■ **TASK DESCRIPTION**
Line count for the string "бисера" in the records below: report that figure and nothing else.

■ **Items from a data source**
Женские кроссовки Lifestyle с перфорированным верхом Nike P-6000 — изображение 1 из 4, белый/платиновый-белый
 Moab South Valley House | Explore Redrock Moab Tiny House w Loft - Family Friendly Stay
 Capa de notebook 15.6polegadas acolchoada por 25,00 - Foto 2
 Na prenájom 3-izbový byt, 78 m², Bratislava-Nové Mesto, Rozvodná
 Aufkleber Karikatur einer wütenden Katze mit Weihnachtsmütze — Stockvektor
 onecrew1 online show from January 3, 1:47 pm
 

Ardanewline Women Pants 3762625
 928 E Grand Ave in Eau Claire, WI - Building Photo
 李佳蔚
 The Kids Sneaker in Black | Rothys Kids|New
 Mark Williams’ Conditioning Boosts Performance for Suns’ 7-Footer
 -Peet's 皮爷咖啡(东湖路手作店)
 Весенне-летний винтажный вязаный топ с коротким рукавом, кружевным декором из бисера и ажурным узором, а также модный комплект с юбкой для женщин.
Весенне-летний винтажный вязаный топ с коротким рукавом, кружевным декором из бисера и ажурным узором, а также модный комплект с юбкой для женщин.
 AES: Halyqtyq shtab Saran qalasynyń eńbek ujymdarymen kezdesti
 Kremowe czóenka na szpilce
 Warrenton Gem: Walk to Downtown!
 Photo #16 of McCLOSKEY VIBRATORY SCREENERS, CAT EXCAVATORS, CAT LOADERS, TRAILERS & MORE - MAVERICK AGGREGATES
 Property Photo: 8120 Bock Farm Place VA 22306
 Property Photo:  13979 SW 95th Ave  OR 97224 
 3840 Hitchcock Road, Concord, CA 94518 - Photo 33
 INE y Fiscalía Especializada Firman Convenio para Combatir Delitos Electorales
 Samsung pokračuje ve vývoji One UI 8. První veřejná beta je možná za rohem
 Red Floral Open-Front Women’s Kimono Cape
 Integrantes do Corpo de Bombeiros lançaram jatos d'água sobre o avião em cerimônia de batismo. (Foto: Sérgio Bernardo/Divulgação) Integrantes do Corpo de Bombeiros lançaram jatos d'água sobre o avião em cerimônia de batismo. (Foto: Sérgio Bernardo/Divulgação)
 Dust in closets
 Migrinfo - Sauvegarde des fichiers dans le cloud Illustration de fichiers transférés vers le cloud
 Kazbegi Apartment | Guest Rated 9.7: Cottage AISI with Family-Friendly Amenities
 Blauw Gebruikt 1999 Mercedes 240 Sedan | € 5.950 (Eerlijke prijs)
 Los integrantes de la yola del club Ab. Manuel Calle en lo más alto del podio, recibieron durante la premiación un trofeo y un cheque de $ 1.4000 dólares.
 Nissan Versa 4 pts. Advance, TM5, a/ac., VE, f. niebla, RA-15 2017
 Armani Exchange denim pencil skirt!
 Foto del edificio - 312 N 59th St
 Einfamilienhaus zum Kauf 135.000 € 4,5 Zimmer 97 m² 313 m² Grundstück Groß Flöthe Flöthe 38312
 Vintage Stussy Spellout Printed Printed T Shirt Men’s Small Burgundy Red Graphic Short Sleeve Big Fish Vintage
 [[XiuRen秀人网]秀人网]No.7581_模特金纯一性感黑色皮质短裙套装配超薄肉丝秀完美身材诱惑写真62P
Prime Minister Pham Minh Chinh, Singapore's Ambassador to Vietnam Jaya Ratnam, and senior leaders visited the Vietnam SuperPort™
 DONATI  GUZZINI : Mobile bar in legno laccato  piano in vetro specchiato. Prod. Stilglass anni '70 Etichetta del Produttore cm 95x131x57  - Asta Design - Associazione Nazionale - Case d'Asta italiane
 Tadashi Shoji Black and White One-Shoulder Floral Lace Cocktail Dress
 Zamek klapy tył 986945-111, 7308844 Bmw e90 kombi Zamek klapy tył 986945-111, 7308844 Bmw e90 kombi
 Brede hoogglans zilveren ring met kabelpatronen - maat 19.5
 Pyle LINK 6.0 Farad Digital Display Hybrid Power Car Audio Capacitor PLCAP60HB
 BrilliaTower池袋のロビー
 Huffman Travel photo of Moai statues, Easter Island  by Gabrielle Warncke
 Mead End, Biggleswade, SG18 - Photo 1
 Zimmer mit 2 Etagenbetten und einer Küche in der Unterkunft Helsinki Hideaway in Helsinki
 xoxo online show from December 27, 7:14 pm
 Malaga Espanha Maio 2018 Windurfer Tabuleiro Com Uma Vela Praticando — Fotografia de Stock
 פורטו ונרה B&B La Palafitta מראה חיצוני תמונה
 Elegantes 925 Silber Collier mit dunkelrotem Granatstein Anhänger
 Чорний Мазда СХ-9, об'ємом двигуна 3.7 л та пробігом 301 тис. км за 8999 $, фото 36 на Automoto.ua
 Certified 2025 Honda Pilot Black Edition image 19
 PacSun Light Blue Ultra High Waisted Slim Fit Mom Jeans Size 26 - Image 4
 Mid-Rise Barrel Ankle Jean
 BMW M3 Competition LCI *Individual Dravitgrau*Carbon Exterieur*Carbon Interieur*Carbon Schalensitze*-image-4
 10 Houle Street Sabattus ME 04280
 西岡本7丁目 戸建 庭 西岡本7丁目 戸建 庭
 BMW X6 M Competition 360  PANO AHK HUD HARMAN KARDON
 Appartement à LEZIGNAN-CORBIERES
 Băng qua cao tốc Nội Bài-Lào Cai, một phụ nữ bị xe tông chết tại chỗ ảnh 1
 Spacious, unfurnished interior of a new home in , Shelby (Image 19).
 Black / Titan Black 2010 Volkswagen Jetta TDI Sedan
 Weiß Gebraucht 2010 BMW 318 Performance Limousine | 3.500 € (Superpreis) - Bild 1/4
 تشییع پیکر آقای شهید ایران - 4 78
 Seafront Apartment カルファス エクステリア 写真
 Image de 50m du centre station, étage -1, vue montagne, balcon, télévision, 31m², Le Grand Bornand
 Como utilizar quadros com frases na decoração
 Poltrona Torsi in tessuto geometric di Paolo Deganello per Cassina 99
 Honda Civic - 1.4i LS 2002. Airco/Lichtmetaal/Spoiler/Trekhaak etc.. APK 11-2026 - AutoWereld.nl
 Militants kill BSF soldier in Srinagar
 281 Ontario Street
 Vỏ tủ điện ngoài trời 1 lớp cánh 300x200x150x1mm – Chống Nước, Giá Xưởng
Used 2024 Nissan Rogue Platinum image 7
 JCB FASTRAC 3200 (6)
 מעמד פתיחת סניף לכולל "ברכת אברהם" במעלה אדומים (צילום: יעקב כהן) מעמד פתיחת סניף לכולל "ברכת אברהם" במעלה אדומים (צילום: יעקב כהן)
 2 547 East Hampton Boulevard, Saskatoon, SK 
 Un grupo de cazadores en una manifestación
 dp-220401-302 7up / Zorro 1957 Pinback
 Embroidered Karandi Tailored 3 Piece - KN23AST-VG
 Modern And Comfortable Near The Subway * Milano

■ **RESPONSE TO THE TASK**
2